On a criterium of global attraction for discrete dynamical systems

Consider that the origin is a fix point of a discrete dynamical system $x^{(n+1)}=F(x^{(n)})$, defined in the whole $\mathbb R^m.$ LaSalle, in his book of 1976, [13], proposes to study several conditions which might imply global attraction. One of his suggestions is to write $F(x)=A(x)x$, where $A(x)$ is a real $m\times m$ matrix, and to assume that all the eigenvalues of eigenvalues of $A(x)$, for all $x\in \mathbb R^m$, have modulus smaller than one.

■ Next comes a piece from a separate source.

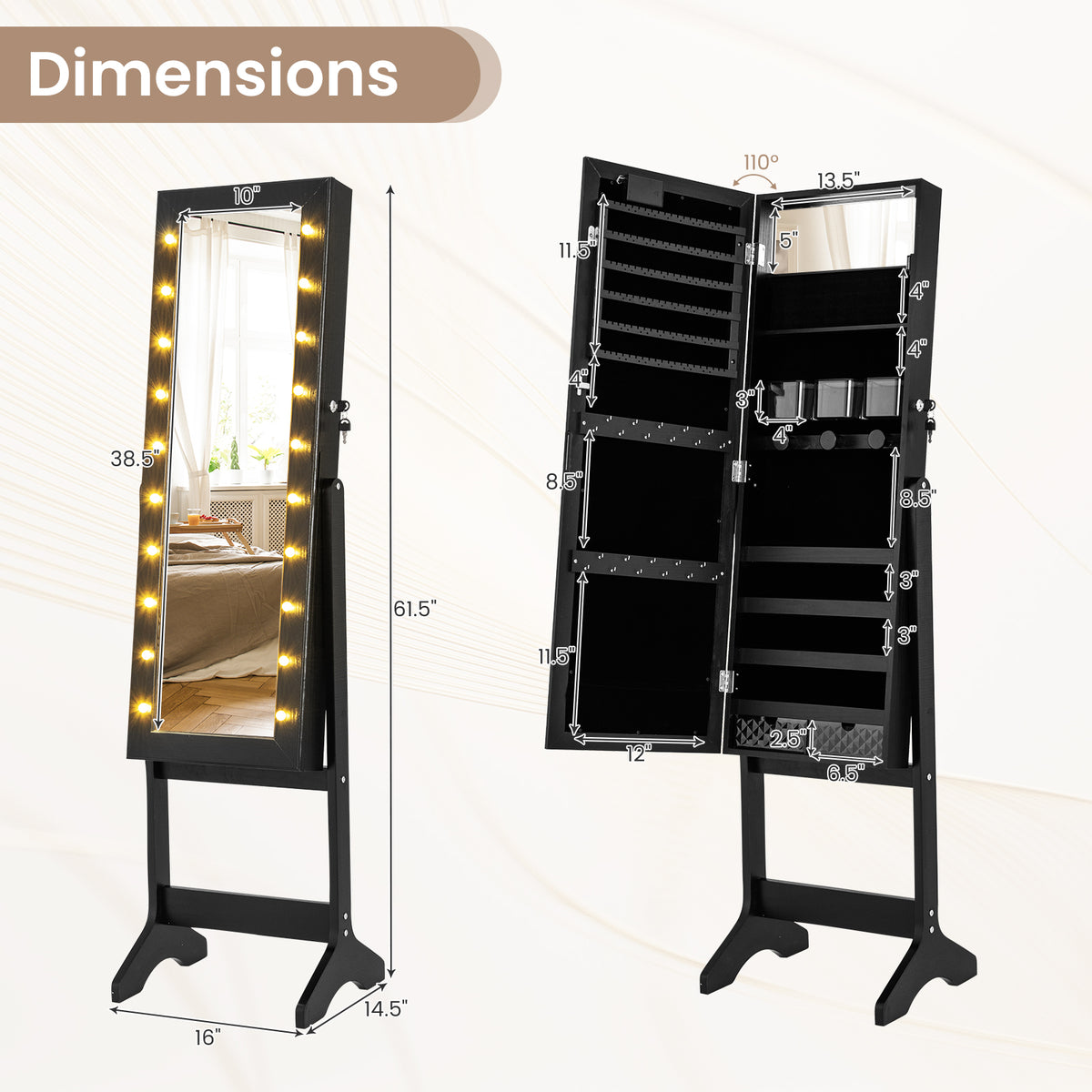 Mirror Jewelry Cabinet with 20 Warm Lights and 4 Tilt Angles - Black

In the paper [4], Cima et al. show that, when $m\ge2$, such hypothesis does not guarantee that the origin is a global attractor, even for polynomial maps $F$. From the observation that the decomposition of $F(x)$ as $A(x)x$ is not unique, in this paper we wonder whether LaSalle condition, for a special and canonical choice of $A,$ forces the origin to be a global attractor. This canonical choice is given by $A_c(x)=\int_0^1 DF(sx) ds,$ where the integration of the matrix $DF(x)$ is made term by term. In fact, we prove that LaSalle condition for $A_c(x)$ is a sufficient condition to get the global attraction of the origin when $m=1,$ or when $m=2$ and $F$ is polynomial. We also show that this is no more true for $m=2$ when $F$ is a rational map or when $m\ge3.$ Finally we consider the equivalent question for ordinary differential equations.